Record extracts Block Start

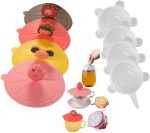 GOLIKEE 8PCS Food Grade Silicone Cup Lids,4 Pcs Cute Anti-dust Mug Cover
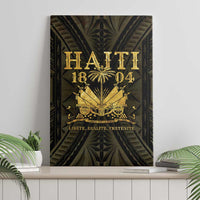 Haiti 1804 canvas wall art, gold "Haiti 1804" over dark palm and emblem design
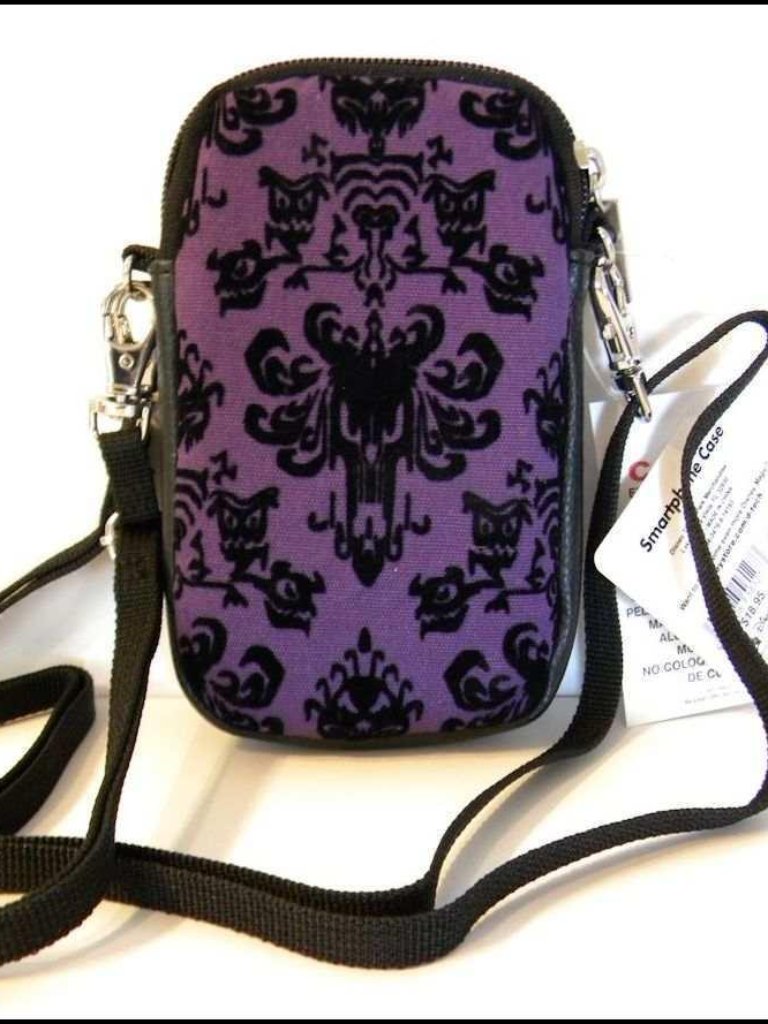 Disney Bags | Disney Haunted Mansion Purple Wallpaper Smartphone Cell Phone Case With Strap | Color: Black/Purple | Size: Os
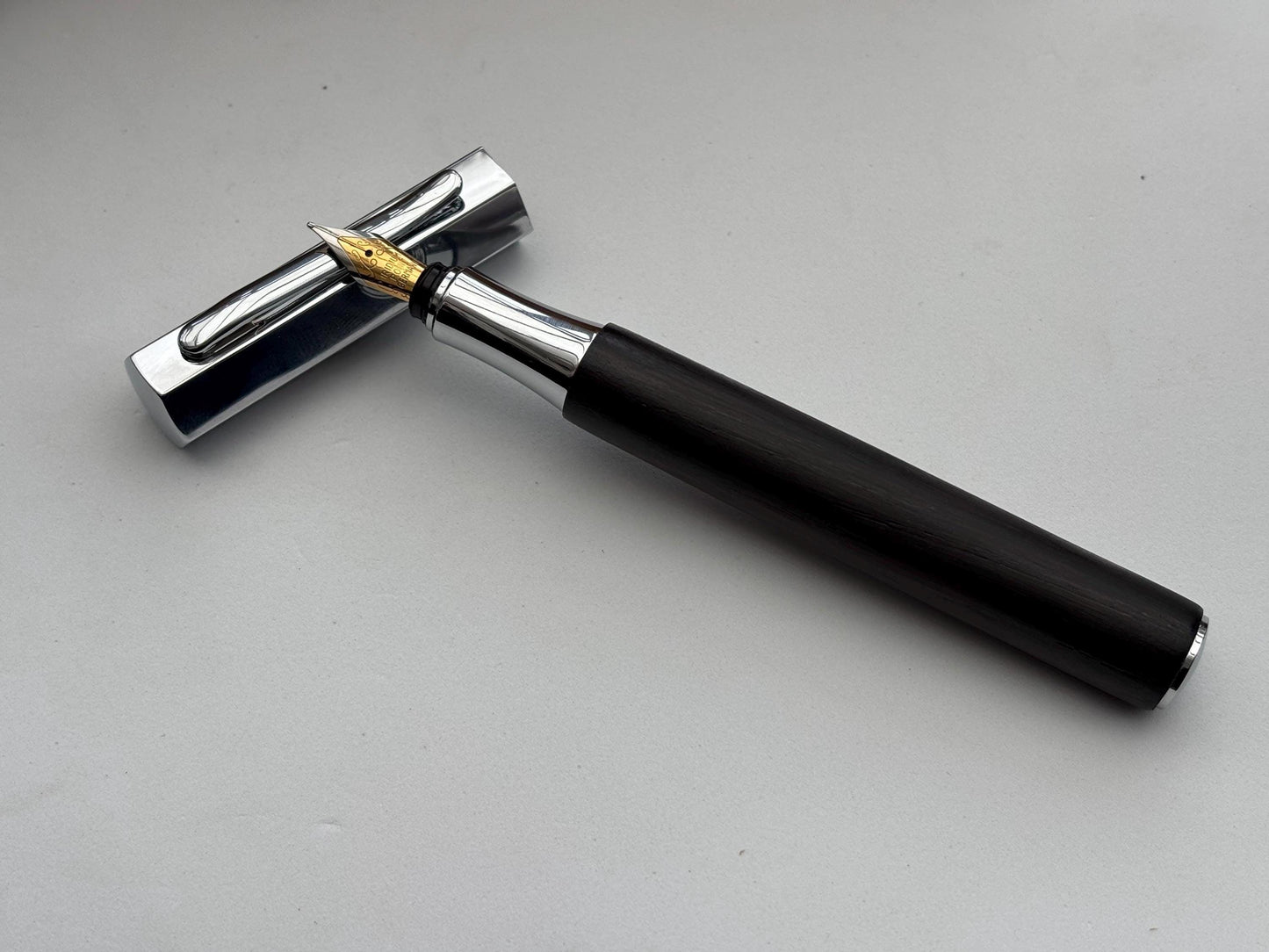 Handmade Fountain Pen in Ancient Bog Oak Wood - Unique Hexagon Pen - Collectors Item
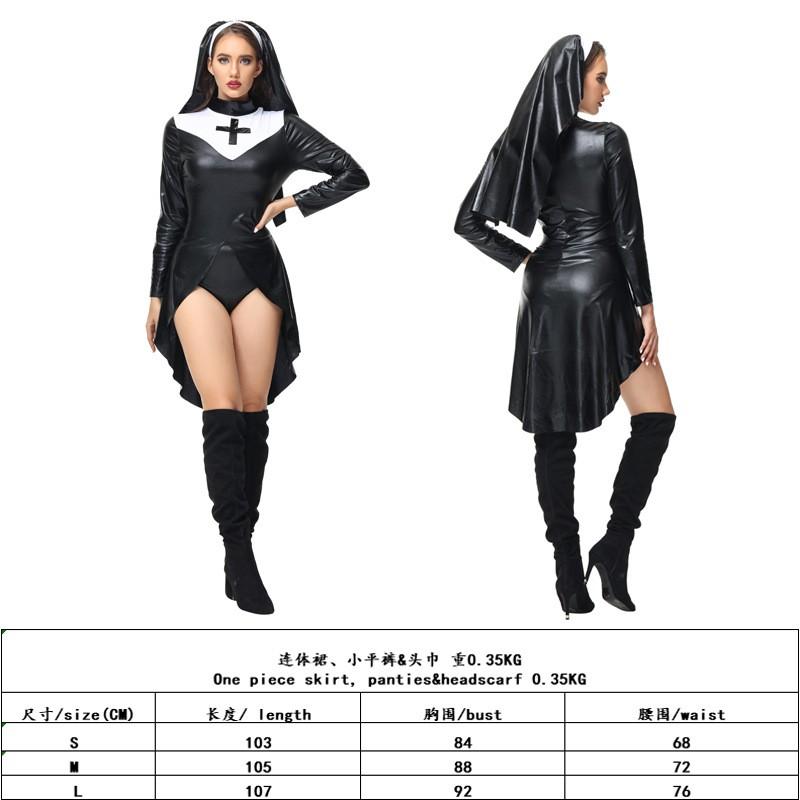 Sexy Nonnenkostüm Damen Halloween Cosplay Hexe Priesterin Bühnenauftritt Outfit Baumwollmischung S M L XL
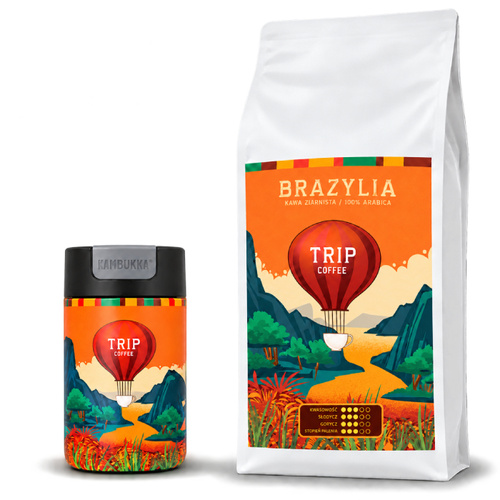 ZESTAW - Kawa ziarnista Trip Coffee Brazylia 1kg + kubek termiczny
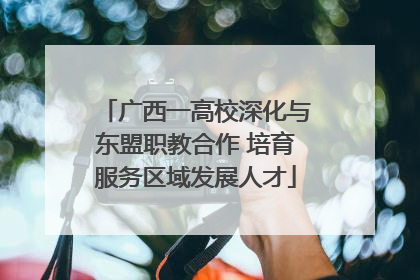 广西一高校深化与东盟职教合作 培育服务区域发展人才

Record extracts Block End

What to work on
In the records above, find the line containing "ZESTAW - Kawa" and restate it and every line after it word for word, all pictures excluded.

Response to the exercise
 ZESTAW - Kawa ziarnista Trip Coffee Brazylia 1kg + kubek termiczny
 广西一高校深化与东盟职教合作 培育服务区域发展人才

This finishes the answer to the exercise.